There is a general pattern emerging with the award of literary prizes in Nigeria. The delighted author or poet hears the good news and attends the award ceremony. Much mention is made of the prize money by 'the stakeholders'. Most likely, friends and relatives in the audience smile on that golden night, confident that they will share in the glory in one way or another.
And then the prize money never comes.
The recent 2.0 flare between Onyeka Nwelue, author of the Abyssinian Boy, and the Abuja Writers Forum is sadly not an isolated incident. On the back of the war of words, various writers and poets have divulged in public and otherwise that they never received prize money from other awards in Nigeria. One sentiment is that they suffered quietly, then why should Onyeka raise the dust? Another view however is that the prize money scam has gone on far too long and finally needs to be challenged.
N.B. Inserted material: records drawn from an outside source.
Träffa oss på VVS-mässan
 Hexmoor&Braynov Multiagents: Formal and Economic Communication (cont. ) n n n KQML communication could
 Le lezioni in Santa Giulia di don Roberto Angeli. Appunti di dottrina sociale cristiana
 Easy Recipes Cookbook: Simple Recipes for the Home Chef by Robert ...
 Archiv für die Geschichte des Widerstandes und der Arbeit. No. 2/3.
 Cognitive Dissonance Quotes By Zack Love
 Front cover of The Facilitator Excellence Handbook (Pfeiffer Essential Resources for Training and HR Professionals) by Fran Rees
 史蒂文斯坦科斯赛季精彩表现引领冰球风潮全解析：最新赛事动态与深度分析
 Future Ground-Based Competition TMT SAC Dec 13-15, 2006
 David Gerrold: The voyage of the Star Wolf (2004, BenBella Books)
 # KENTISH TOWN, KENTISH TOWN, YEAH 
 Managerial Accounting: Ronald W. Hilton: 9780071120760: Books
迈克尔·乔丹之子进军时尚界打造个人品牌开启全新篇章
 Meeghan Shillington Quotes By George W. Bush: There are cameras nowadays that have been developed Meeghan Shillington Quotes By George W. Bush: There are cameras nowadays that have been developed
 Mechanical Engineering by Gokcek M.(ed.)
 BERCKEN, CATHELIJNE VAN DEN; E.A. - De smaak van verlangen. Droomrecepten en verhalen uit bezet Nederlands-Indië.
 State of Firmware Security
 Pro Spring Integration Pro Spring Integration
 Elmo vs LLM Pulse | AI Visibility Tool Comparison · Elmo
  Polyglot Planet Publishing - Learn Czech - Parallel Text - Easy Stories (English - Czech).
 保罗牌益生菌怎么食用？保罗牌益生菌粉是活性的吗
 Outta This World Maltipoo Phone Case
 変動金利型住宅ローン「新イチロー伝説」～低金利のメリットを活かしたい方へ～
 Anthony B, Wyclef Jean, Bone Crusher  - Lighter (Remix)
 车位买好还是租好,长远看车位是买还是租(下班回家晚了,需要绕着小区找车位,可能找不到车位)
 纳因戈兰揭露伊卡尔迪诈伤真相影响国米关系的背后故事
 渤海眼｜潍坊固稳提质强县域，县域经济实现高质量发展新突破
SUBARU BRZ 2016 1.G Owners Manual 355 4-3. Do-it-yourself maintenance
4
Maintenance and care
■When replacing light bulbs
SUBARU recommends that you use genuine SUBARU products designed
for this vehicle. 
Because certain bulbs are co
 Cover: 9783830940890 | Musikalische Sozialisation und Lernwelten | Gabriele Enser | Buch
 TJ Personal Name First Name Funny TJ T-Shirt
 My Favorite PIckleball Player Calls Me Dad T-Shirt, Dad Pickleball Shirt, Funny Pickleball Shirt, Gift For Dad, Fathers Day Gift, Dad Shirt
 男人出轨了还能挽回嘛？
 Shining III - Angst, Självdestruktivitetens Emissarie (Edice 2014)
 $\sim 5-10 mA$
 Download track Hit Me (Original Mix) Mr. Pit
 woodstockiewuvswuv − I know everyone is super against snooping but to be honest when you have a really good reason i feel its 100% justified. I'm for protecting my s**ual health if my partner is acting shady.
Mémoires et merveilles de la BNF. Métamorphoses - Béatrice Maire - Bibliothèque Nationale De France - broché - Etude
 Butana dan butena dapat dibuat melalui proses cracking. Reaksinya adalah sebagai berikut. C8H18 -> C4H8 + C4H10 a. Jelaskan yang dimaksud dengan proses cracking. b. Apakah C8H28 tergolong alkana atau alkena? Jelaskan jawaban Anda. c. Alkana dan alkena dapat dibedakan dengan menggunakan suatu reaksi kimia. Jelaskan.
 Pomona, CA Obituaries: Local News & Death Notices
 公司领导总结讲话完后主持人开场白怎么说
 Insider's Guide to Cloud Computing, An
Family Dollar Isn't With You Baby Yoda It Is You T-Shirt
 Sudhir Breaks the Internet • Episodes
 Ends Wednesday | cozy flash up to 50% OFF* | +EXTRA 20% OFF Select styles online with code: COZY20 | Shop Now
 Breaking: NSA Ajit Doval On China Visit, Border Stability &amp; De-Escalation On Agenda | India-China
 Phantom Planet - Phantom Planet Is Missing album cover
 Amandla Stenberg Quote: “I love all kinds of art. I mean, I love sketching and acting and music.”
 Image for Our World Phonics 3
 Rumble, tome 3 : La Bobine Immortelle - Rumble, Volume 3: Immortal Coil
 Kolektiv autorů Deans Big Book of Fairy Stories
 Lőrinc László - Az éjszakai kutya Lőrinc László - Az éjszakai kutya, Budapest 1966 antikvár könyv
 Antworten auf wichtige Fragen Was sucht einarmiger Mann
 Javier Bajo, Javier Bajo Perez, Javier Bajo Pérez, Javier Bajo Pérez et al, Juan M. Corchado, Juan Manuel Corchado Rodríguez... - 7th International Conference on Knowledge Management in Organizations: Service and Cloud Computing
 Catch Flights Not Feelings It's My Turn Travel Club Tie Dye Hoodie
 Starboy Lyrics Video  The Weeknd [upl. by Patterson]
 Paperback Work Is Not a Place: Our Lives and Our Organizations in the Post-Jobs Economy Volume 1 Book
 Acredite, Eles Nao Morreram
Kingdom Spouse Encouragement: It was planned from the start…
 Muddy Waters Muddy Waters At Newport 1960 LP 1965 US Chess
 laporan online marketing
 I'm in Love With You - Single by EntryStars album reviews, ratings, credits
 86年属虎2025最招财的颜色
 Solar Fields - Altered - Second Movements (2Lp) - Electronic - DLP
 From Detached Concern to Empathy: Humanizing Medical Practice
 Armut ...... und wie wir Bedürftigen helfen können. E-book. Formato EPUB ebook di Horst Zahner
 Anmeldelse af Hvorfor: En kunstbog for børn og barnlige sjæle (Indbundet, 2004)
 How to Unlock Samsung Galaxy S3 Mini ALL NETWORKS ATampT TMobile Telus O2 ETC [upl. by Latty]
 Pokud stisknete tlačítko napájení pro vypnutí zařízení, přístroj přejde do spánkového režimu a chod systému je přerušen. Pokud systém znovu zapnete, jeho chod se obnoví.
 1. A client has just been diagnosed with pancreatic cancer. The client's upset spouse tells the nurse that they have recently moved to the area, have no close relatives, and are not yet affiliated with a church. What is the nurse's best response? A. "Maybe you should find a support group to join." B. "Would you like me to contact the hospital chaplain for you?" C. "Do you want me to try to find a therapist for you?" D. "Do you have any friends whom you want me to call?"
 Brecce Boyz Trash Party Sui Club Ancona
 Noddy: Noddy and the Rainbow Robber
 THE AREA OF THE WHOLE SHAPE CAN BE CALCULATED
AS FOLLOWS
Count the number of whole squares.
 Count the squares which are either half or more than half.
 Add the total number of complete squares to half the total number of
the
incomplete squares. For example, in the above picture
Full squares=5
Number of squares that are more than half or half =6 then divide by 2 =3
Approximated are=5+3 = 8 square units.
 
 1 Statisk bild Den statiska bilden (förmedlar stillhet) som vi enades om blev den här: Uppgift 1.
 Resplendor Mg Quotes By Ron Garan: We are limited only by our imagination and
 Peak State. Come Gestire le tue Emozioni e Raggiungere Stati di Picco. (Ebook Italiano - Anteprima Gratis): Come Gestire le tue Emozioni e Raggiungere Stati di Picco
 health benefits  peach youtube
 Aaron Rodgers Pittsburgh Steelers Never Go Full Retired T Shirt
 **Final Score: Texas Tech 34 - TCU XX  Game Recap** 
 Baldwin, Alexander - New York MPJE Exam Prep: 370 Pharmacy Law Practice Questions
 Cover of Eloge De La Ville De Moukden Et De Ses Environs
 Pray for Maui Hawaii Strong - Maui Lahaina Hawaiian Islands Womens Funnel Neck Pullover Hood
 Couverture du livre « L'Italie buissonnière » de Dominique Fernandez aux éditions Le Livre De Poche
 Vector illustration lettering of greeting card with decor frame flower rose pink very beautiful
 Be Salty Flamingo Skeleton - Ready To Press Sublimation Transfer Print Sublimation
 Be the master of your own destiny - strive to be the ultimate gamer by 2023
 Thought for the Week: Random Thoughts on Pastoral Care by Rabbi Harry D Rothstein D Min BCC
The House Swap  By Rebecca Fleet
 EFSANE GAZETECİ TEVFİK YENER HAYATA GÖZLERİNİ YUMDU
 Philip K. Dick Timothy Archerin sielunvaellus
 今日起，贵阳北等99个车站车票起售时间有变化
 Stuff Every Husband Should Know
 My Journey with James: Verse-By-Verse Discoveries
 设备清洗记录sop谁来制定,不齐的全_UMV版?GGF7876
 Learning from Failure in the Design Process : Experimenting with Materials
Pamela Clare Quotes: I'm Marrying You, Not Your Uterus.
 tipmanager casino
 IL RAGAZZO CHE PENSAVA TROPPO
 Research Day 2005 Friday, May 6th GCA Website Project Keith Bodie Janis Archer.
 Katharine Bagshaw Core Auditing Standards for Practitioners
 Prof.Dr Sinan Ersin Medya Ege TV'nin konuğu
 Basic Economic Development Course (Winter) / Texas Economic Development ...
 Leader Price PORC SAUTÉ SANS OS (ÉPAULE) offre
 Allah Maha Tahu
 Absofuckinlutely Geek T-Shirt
None of this is to cast aspersions that there was any misappropriation of prize money by the AWF. Sponsors, like guests at the "Nigerian book launch", often like to make donations that are in reality only symbolic and never intended to be material. Most likely, everyone involved in trying to develop writing/the publishing industry in Nigeria has been sorely let down by a sponsor at one point or another.
However, there are lessons to be learned it seems in all this. The most critical one is that literary organisations should not raise expectations of prize money they cannot meet. Prize money should not be mentioned in publicity material until the organisation receives the hard cash from the sponsor in their bank account. There have been too many scandals in the administration of Nigerian letters in recent years. Its time literary organisations put transparency and accountability as their top priority. Why must the Nigeria Factor infiltrate everything? The answer is simple: it shouldn't.